Opened at 2008-12-02T01:21:00Z
Last modified at 2016-04-02T09:30:08Z
#543 new enhancement
repair/rebalancing service
Reported by: | warner | Owned by: | |
---|---|---|---|
Priority: | major | Milestone: | eventually |
Component: | code-storage | Version: | 1.2.0 |
Keywords: | performance repair | Cc: | tahoe-lafs.org@…, vladimir@… |
Launchpad Bug: |
Description (last modified by daira)
So, in doing a bunch of manual GC work over the last week, I'm starting to think about what a "rebalancing manager" service would look like.
The basic idea is that storage servers would give a central service access to some special facet, through which the manager could enumerate the shares present on each one. The manager would slowly cycle through the entire storage-index space (over the course of a month, I imagine), probably one prefixdir at a time.
It would ask all the storage servers about which shares they hold, and figure out which other servers also hold those shares (this query is an online version of the 'tahoe debug catalog-shares' CLI tool). Then it would make decisions about which shares ought to go where. There are two goals (sometimes competing). The first is to move shares closer to the start of the permuted peer-selection order, so that clients don't have to search as far to find them. The second is to smooth out disk usage among all servers (more by percentage than by absolute usage).
Once the manager works out the minimum-effort rearrangement, it will inform the two servers that they should move a share between them. The servers can then use a direct connection to copy the share to its new home and then delete the original. In grids without full bidirectional connectivity, the manager could conceivably act as a relay.
When a new (empty) disk is added to the grid, it will accumulate shares very slowly, and only get shares for new files (those which are created after the new node comes online).
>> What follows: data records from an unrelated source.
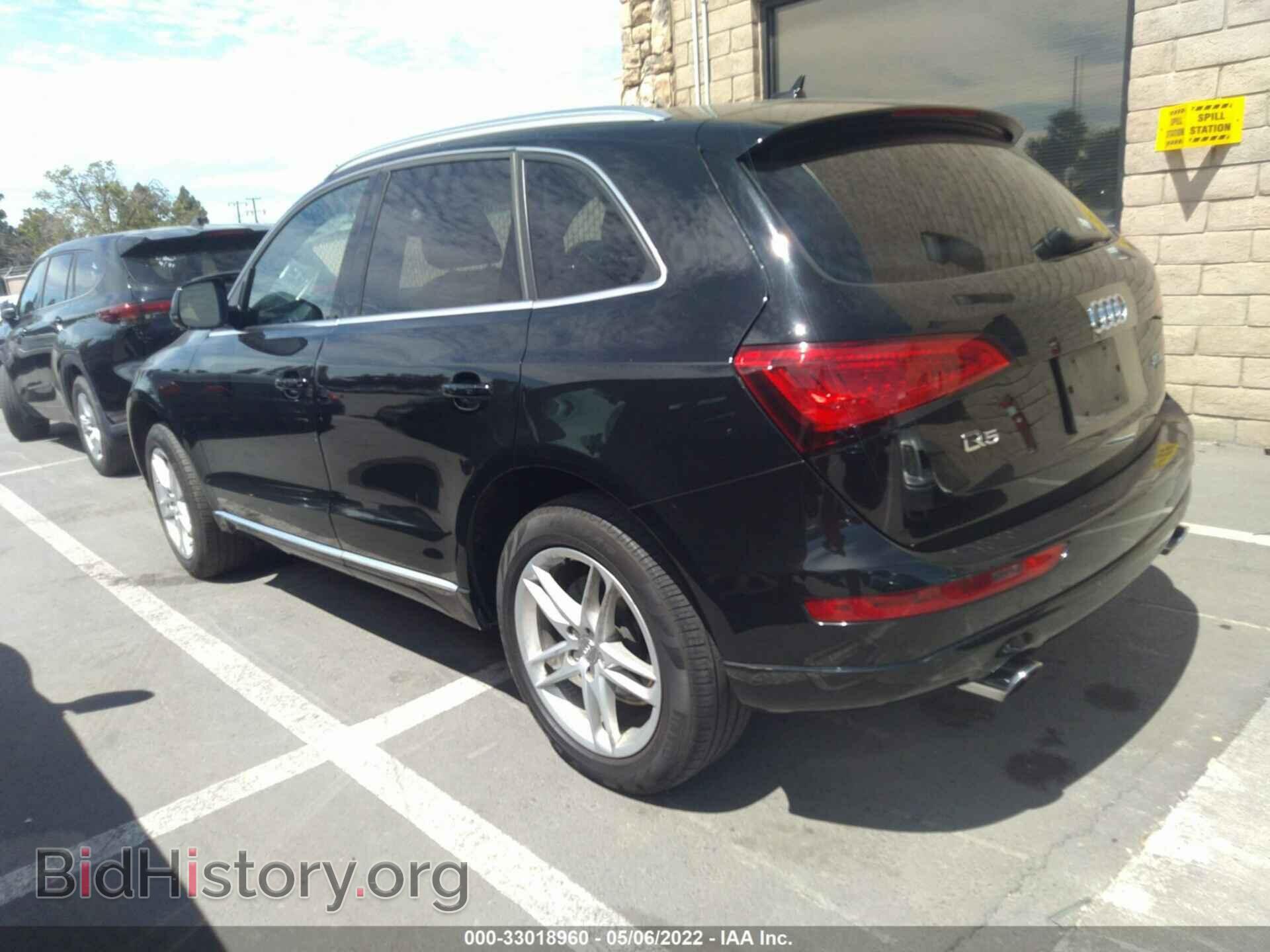 2013 AUDI Q5 - VIN: WA1LFAFP2DA030228 - Фото 3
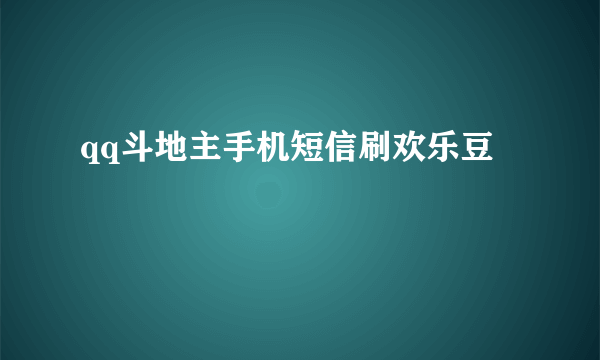qq斗地主手机短信刷欢乐豆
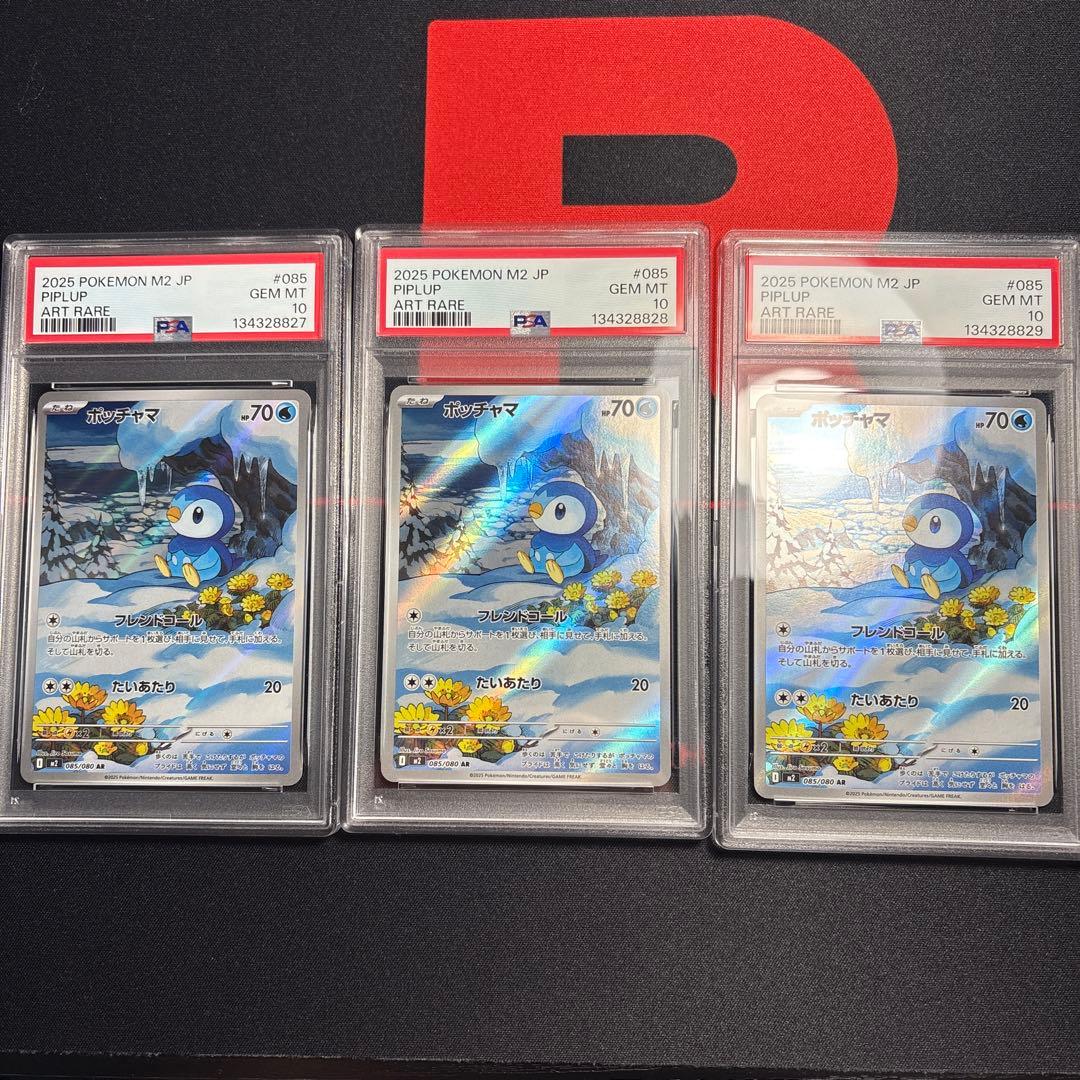 PSA10 3連番 ポッチャマ 085/080 AR M2 2025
A rebalancing manager would make better use of the new disk: filling it with old shares too, thus freeing space on old servers so they can continue to participate in the grid (instead of being read-only).
There may be ways to perform this task without a central manager. For example, we could treat balancing as an aspect of repair, such that the repair process ought to include moving shares around to better places. In this approach, the client that performs a repair would also do rebalancing. It is not clear if the clients ought to have the same level of authority as a trusted repair-manager: for example, should clients have the ability to delete shares of immutable files? Making the clients drive the rebalancing process would insure that no effort is expended on unwanted files. On the other hand, 1) clients must then take an active interest in rebalancing, and 2) the load generated by rebalancing would be pretty choppy (a central manager could do it smoothly, over time, whereas a client would want to finish their repair/rebalancing pass as quickly as possible).
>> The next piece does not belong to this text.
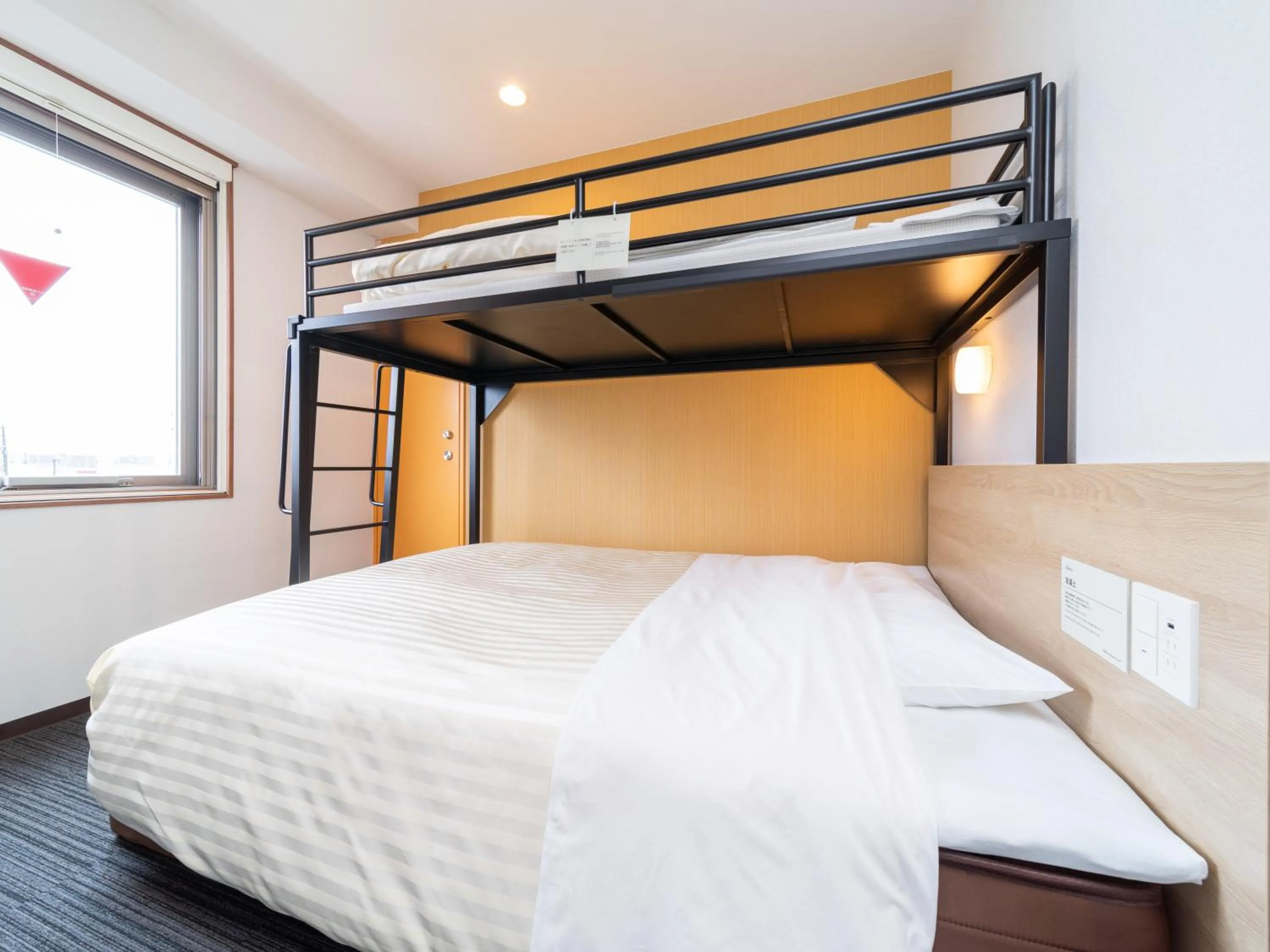 Bed in Super Hotel Yahaba Station East Exit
This will also interact with accounting. A privileged rebalancing manager could be given the authority to clone a share (account labels and all) to a new server, whereas a client performing rebalancing themselves would naturally be restricted to whatever storage that client was normally allowed to consume. I'm not sure whether this issue is significant or not.
On the implementation side, I'd expect the rebalancing-manager to be a Tahoe node (made with 'tahoe create rebalancer', or the like), which advertises itself via the introducer. Storage Servers would have a configuration setting that says "give rebalancing-authority to any rebalancer that is advertised with a signature from blesser key X". This would require each storage server to be configured with pubkey X, but would not require any changes on the balancer node when new storage servers are added.
It might also be a good idea to tell the rebalancer how many storage servers it should expect to see, so it can refrain from doing anything unless it's fully connected.
I'm also thinking that the enumerate-your-shares interface could be used to generate estimates of how many files are in the grid. The rebalancer (or some other node with similar enumeration authority, perhaps a stats-gatherer or disk-watcher) could query for all shares in the aa-ab prefix range, merge the responses from all servers, then multiply by the number of prefixes. If the servers could efficiently distinguish mutable shares from immutable shares, we could get estimates of both filetypes.
Change History (16)
comment:1 Changed at 2009-05-08T16:11:45Z by zooko
comment:2 Changed at 2009-08-10T15:28:41Z by zooko
The following clump of tickets might be of interest to people who are interested in this ticket: #711 (repair to different levels of M), #699 (optionally rebalance during repair or upload), #543 ('rebalancing manager'), #232 (Peer selection doesn't rebalance shares on overwrite of mutable file.), #678 (converge same file, same K, different M), #610 (upload should take better advantage of existing shares), #573 (Allow client to control which storage servers receive shares).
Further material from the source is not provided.